Former Military President General Ibrahim Badamasi Babaginda (retd) has said he didn’t rule out National Leader All Progressives Congress (APC) Ahmed Tinubu and former Vice President Atiku Abubakar from the 2023 presidential race.
He, however, insisted a Nigerian around 60-year-old age bracket and with requisite experience remains Nigeria’s best choice as president in the 2023 general elections.
Both Atiku and Tinubu are in their late seventies and sixties respectively, and the duo are believed to be eyeing the nation’s number one seat in 2023.
In a recent interview with ARISE Television, Gen. Babangida was quoted to have said: “I have started visualising a good Nigerian leader. That is, a person, who travels across the country and has a friend virtually everywhere he travels to and he knows at least one person that he can communicate with.
“That is a person, who is very versed in economics and is also a good politician, who should be able to talk to Nigerians and so on. I have seen one, or two or three of such persons already in his sixties.”
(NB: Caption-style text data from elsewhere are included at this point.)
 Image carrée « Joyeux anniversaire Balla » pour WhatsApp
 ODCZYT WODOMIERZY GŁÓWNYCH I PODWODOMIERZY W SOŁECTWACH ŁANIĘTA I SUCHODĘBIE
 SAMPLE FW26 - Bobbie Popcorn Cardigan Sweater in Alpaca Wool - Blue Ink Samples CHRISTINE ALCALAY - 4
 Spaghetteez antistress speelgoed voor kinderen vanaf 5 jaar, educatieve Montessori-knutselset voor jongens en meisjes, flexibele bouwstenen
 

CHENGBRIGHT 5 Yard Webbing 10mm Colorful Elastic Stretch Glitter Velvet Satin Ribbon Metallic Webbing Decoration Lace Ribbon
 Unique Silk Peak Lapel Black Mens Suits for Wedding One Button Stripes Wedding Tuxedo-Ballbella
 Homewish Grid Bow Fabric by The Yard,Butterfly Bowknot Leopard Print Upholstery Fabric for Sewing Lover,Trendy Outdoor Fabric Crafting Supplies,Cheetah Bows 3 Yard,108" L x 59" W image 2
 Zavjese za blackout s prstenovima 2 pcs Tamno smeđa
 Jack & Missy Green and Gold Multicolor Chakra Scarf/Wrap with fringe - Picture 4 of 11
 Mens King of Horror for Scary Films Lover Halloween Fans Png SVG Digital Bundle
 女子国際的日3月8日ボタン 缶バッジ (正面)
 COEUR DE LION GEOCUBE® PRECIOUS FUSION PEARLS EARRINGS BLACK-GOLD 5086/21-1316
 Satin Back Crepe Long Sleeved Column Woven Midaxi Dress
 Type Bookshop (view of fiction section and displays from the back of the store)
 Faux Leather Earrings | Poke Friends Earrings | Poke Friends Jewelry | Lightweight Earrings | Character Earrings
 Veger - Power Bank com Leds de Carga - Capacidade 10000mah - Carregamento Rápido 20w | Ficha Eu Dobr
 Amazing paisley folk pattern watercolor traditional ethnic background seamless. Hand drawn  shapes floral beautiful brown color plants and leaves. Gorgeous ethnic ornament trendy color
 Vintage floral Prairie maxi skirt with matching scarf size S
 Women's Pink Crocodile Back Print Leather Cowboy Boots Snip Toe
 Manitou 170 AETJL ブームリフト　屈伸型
But providing further insight into his position Sunday in an exclusive interview with Blueprint in Minna, Niger state, the retired general said he never mentioned names nor ruled out anybody as being reported by some sections of the media (Blueprint not inclusive).
He spoke to this medium ahead of his 80th birthday which comes up Tuesday, August 17, 2021 (tomorrow).
Asked if the latest call for a 60-year-old to be Nigeria’s president didn’t negate his administration’s policy which encouraged the new breed to be actively involved in politics, he said those new breed of that time are now well over 60 years of age.
The former Nigerian leader said such Nigerian must have been a public servant, private entrepreneur or professional who must have acquired some level of experience over a period of time.
Babangida said: “You the media misquoted me to say that I said Atiku and Tinubu should not contest in 2023. I never mentioned anybody. I just talked about what I think we should be looking for in the next President. My take is that at the age of around 60 years, the person must have been a public servant, private entrepreneur, a professional and would have acquired a lot of experience to rule the country. That is all; I did not say it to rule out anybody.”
“The new breed I spoke of then (as president) are well over 60 now if I am not mistaking. So, you can see that they are qualified and must have acquired the necessary experience,” he added.
On corruption, Babaginda said the problem can best be solved if tackled at source, adding that the decentralisation of governance, in the thinking of his military regime, was a sure way to fighting corruption.
“You have to fight corruption from the beginning at its source. For example, we in the military thought if you decentralised governance, it is a sure way of getting rid of certain corrupt aspect of our behaviours.”
While listing some ways out of the menace, IBB, as fondly called, recalled that in those days, his administration put in place deliberate policies to check corruption in the process of obtaining foreign exchange from banks by establishing bureau de change.
The former leader said commodity control boards were also abolished so that cocoa and groundnut farmers would not have to bribe government officials for their produce to be rated Grade A or Grade B or give bribe to get licensed.
He stressed the need for more sensitisation of the people for them to know that they don’t have to bribe government officials to get services, adding that ” the people must understand and government also needs to put in place more institutions to facilitate this aspect of our lives.”